* YOUR OBJECTIVE
Transcribe exactly the lines from the one holding "ケイト リップモンスター/KATE/口紅を使ったクチコミ(3枚目)" through the closing line of the entries below. Pictures stay out of the copy.

Stored items from a collection
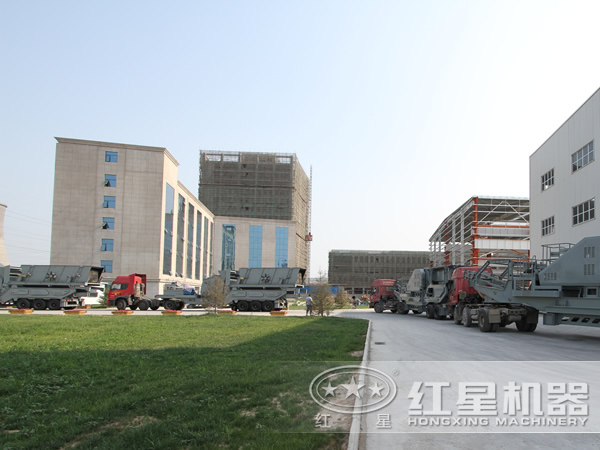 紅星移動(dòng)破碎機(jī)發(fā)貨現(xiàn)場(chǎng) 紅星移動(dòng)破碎機(jī)發(fā)貨現(xiàn)場(chǎng)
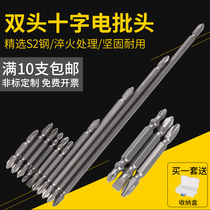 Double-headed feng pi shi zi pi tou wind elongated head ph2 shi zi pi tou 65 100 150 200 250 300-mm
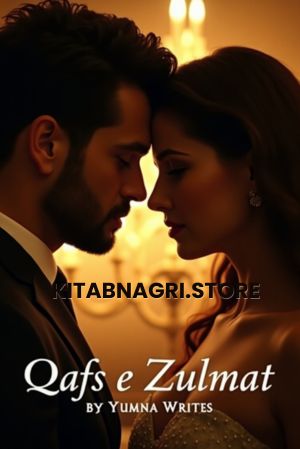 Qafs e Zulmat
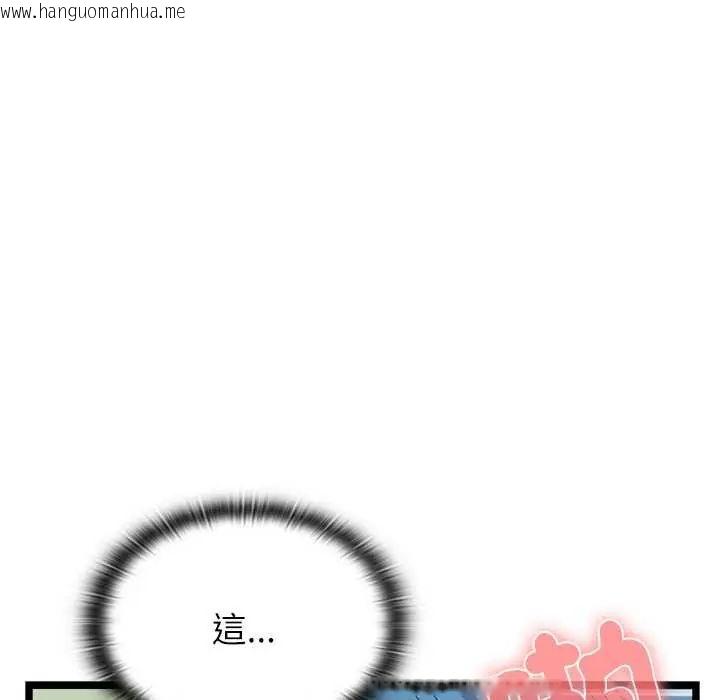 韩国漫画男以稀为贵韩漫_男以稀为贵-第6话在线免费阅读-韩国漫画-第101张图片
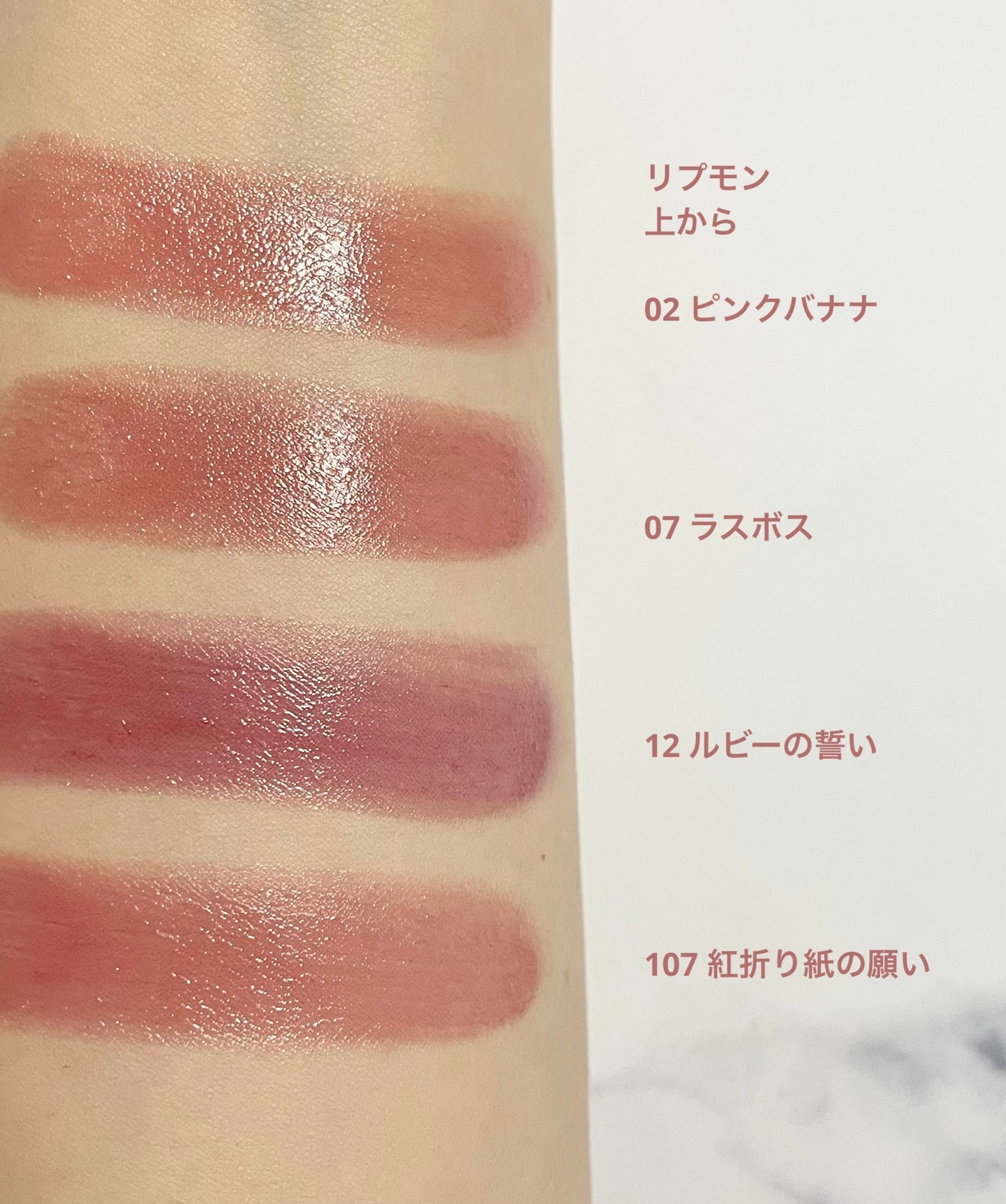 ケイト リップモンスター/KATE/口紅を使ったクチコミ(3枚目)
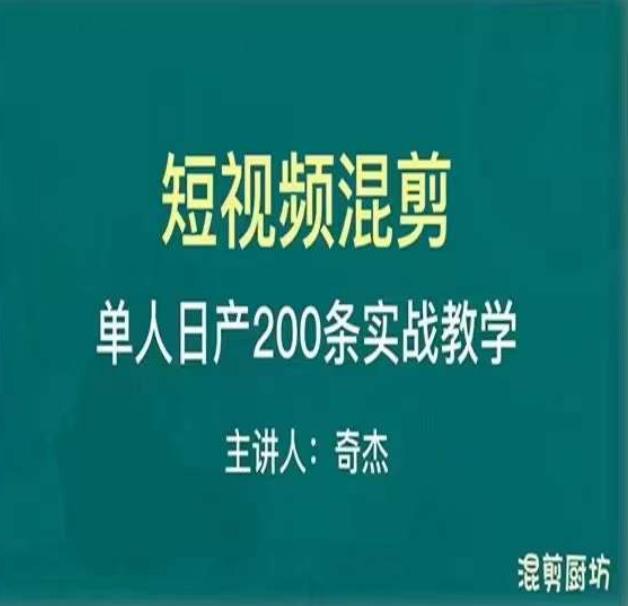 混剪魔厨短视频混剪进阶，一天7-8个小时，单人日剪200条实战攻略教学-火山资源库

* WRITTEN RESPONSE
 ケイト リップモンスター/KATE/口紅を使ったクチコミ(3枚目)
 混剪魔厨短视频混剪进阶，一天7-8个小时，单人日剪200条实战攻略教学-火山资源库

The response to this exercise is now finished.